▶ _Exercise_
Everything in the listing that follows should be reproduced exactly except the pictures.

▶ _Input data_
==================================================

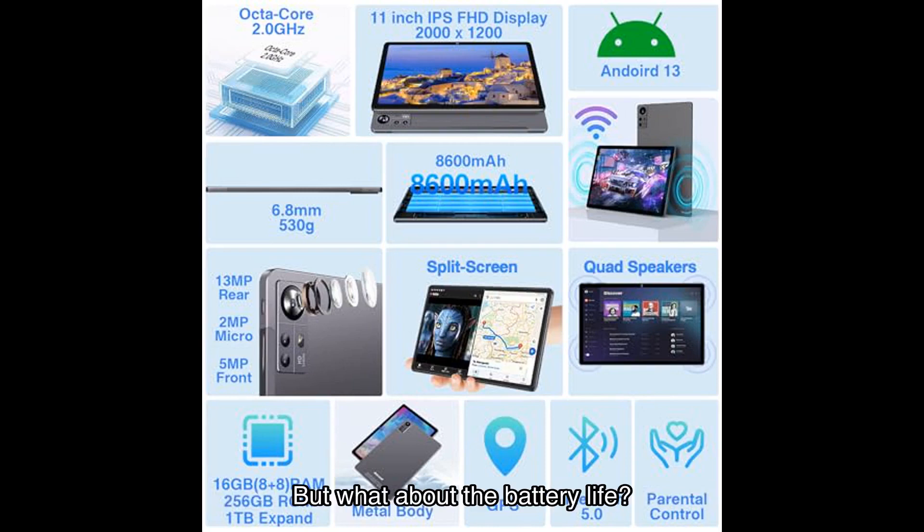But what about battery life? Don't worry — this tablet has you covered. With its large battery, you can enjoy hours of entertainment without needing to constantly reach for the charger. Whether you're watching videos, browsing the web, or listening to music, this tablet will keep up with your demands.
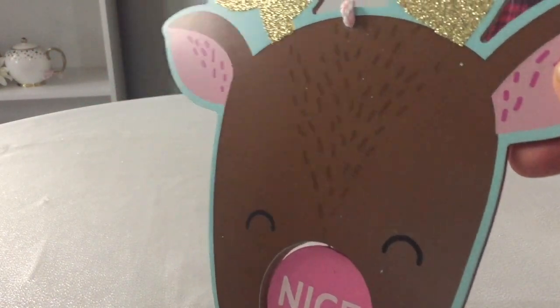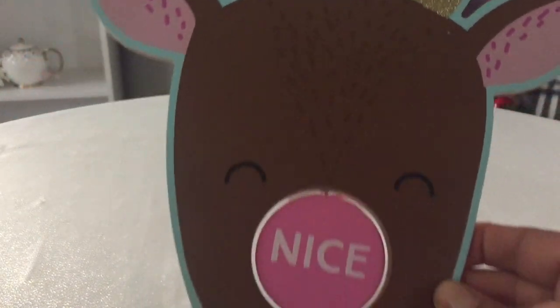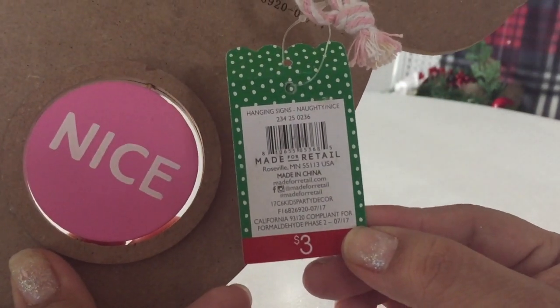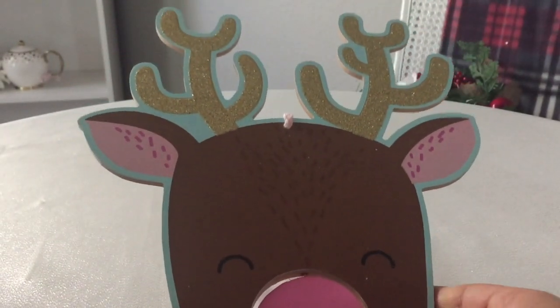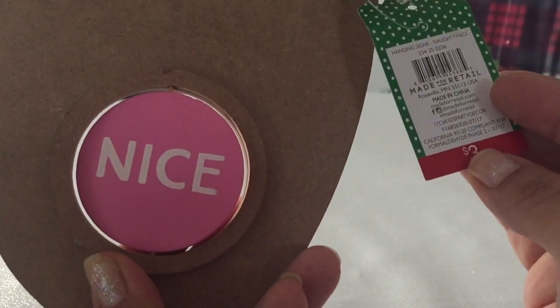And for you guys, I do have a little sneak peek if you're interested in some of the Target dollar spot stuff that I have not shared. This little adorable reindeer with sparkly antlers and his little nose — you can change it to naughty or nice, whichever one you'd like to be. And I believe it is $3. And I did want to show two other items so I can show some people that asked me for the number.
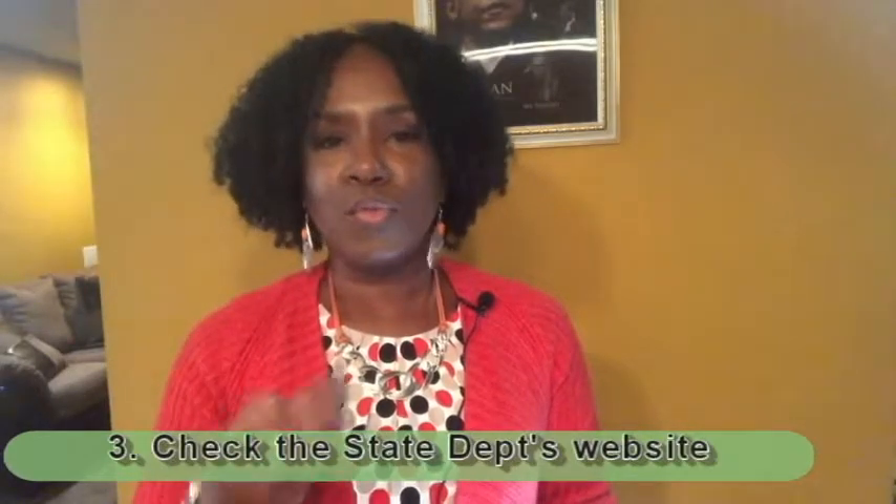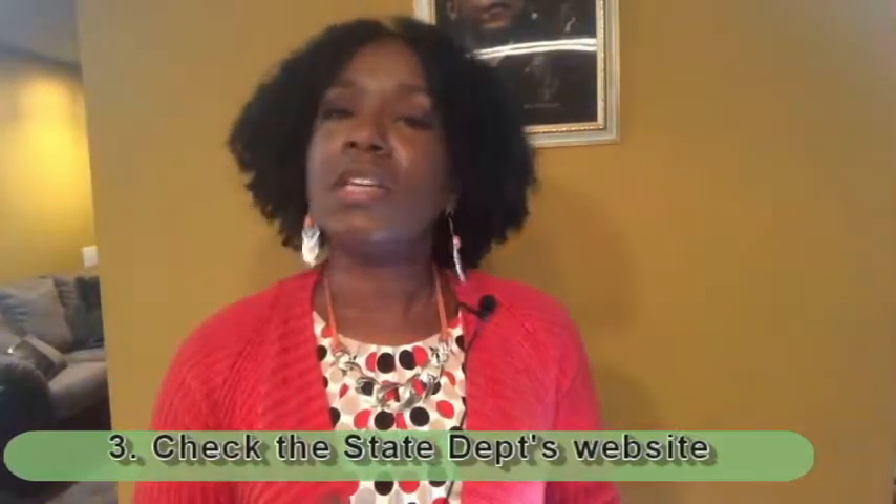Tip three: check the State Department's website for three things. First, check the security level and risk for traveling to that country so you know what you're going into and can stay safe. Second, get the address of the U.S. Embassy in the country you're traveling to. You always want to know where your safe place is, so if you lose your passport or something happens, you know where to go and who will help get you back to the States.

==================================================

▶ _Problem solution_
But what about battery life? Don't worry — this tablet has you covered. With its large battery, you can enjoy hours of entertainment without needing to constantly reach for the charger. Whether you're watching videos, browsing the web, or listening to music, this tablet will keep up with your demands.
And for you guys, I do have a little sneak peek if you're interested in some of the Target dollar spot stuff that I have not shared. This little adorable reindeer with sparkly antlers and his little nose — you can change it to naughty or nice, whichever one you'd like to be. And I believe it is $3. And I did want to show two other items so I can show some people that asked me for the number.
Tip three: check the State Department's website for three things. First, check the security level and risk for traveling to that country so you know what you're going into and can stay safe. Second, get the address of the U.S. Embassy in the country you're traveling to. You always want to know where your safe place is, so if you lose your passport or something happens, you know where to go and who will help get you back to the States.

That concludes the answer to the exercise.